The seriousness of the housing situation which all Europe is facing and its rows and rows of under nourished children were the two big things about which Miss Jane Addams talked to a capacity audience in First Methodist church Friday evening. Appearing on the program of the Charities and Corrections association convention, Miss Addams was a drawing card. Those who had never heard her were anxious to hear her. Those who had heard were only more anxious to hear her again.
Two Big Problems.
"After all, America more than ever must reflect socially and in its charitable activities what the rest of the world is doing and thinking" said Miss Addams. "I want to give you some of the impressions I received during my few months' visit in Europe recently. The feeding of people and the housing of people both results of the war are the big problems [just] now.

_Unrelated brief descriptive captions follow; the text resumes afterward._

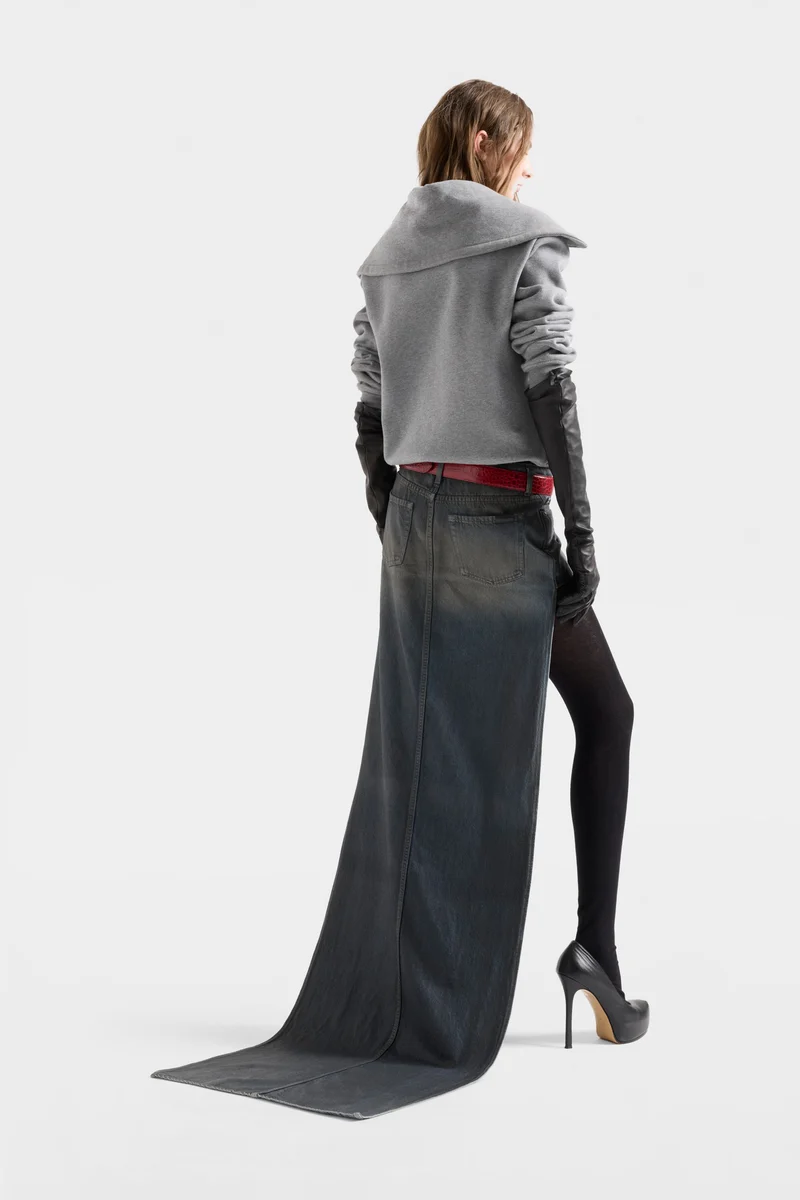 HIGH NECK ZIP HOODIE in Ash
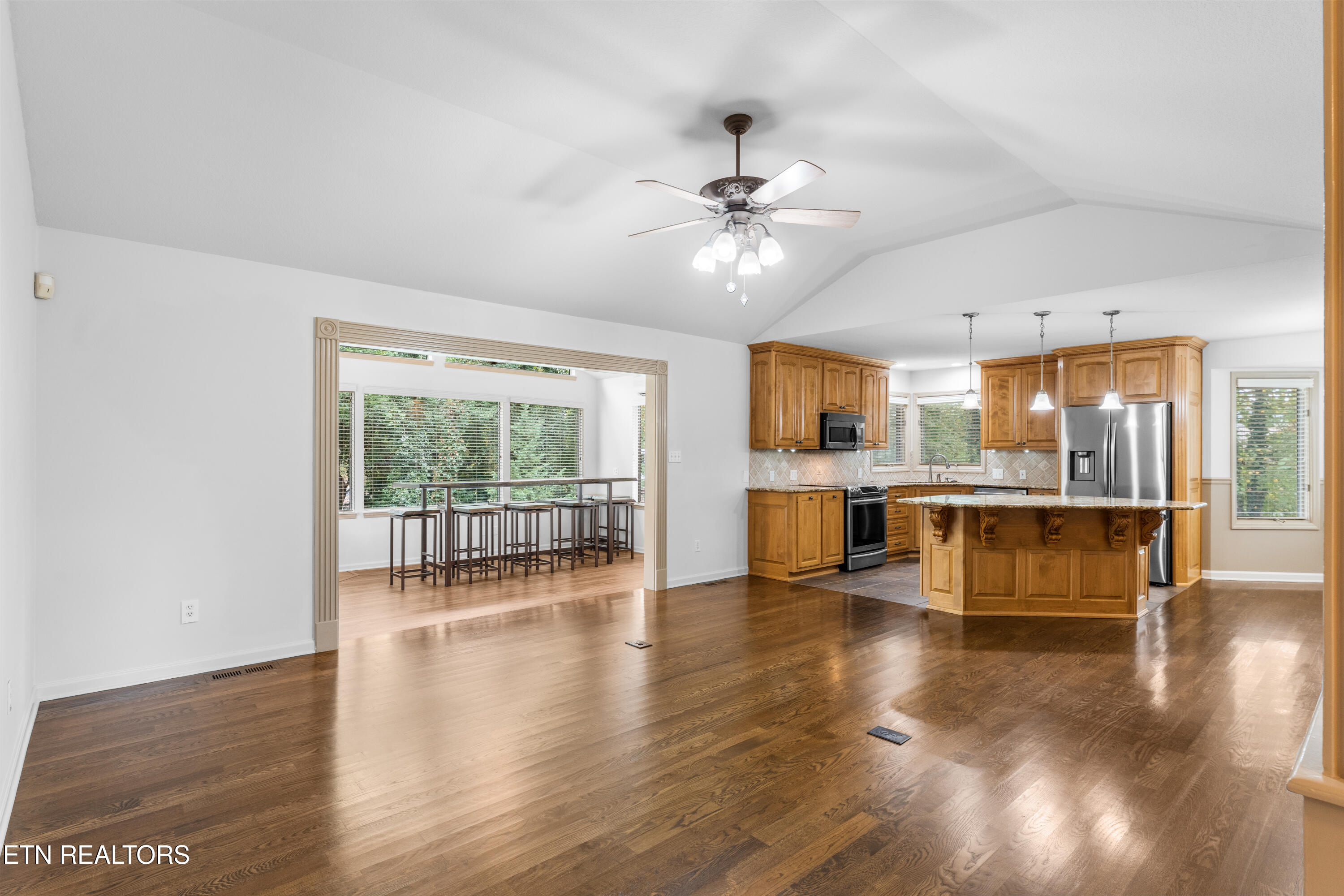 407 Tecumseh Point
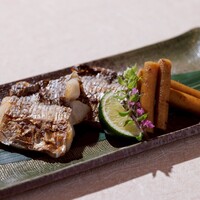 太刀魚　塩焼き　山牛蒡添え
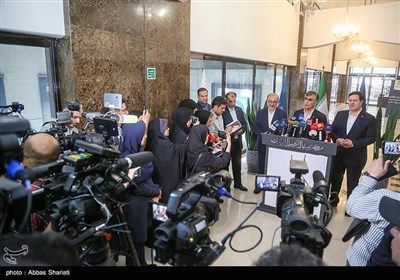 مراسم عرضه پنجمین اوراق صکوک مرابحه ارزی مرکز مبادله ایران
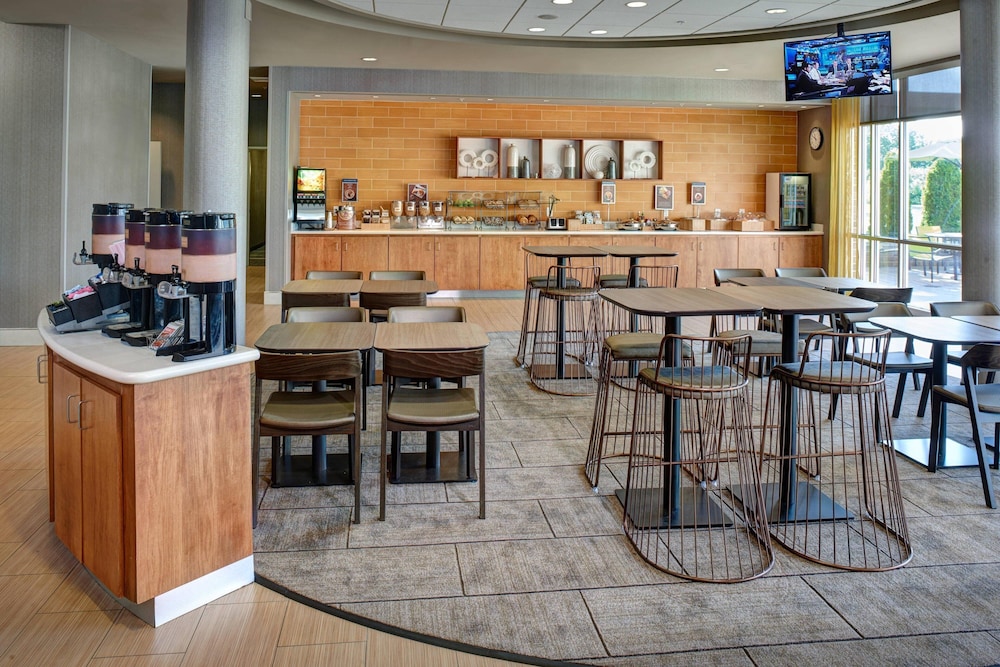 Springhill Suites By Marriott Saginaw 24/34
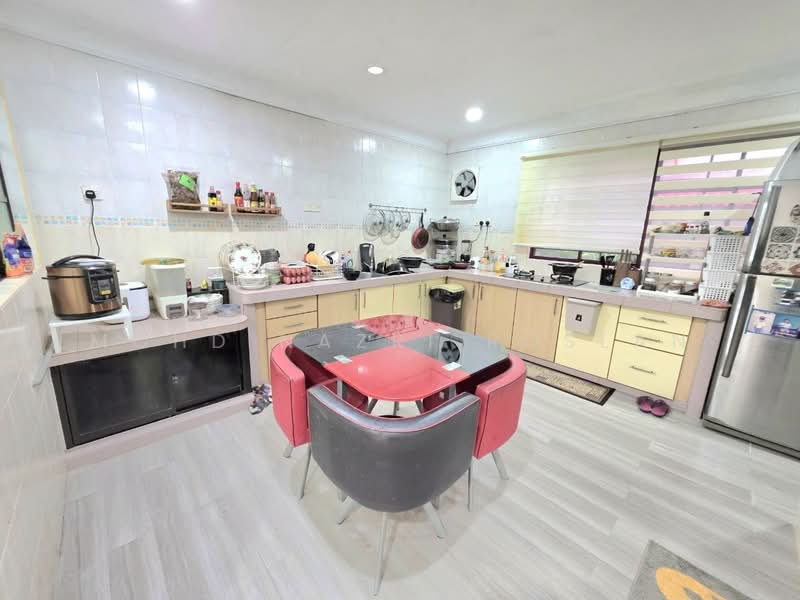 2-storey Terraced House for Sale in Bukit Jelutong (Shah Alam) - Mohd Nazri Roslan - PropertyGuru.com.my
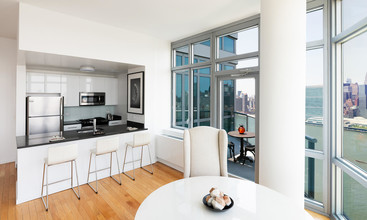 4545 Center Blvd in Long Island City, NY - Building Photo - Interior Photo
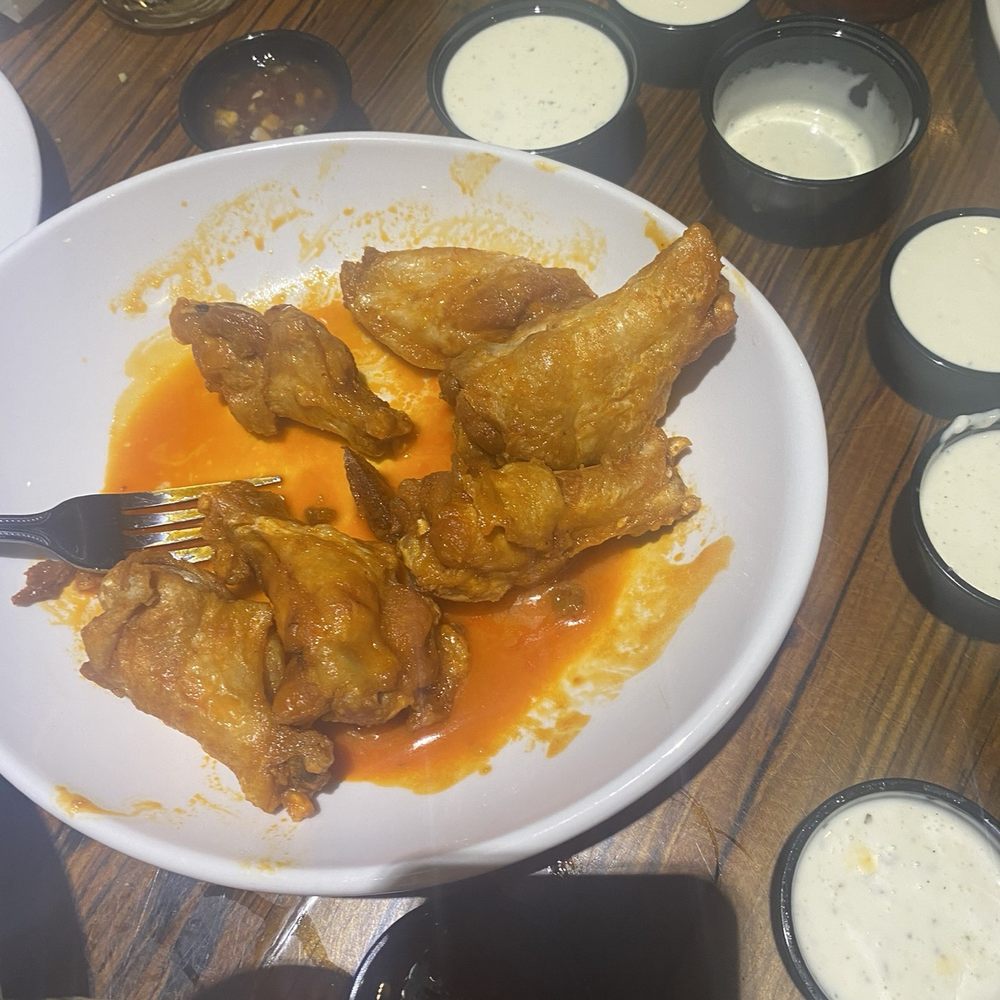 Mild FRESH CHICKEN WINGS Mild FRESH CHICKEN WINGS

"England was shocked to discover so many of her young men unfit for military service as a result of malnutrition, etc. The nation as a whole felt the revelation as a challenge to its resources. It found millions of families so improperly housed that they did not even meet Government requirements. The housing problem in England is the housing problem everywhere else."
Houses Demolished.
"In France," said Miss Addams "there are miles and miles where there are no houses at all. There will be strips 250 feet wide where scarcely any houses will be found. They are beaten down to the very earth. Even the foundation stones have been used. I knew of one woman who desired to build her home on the same spot in which she lived and where her mother had been born. She could not even find a trace of the foundation of her home. Finally she located the stump of a pear tree which she remembered had stood in her neighbor's garden. By counting off the steps and remembering bit by bit the ground as it used to be, she was able to start her home in practically the same spot it had been before the war.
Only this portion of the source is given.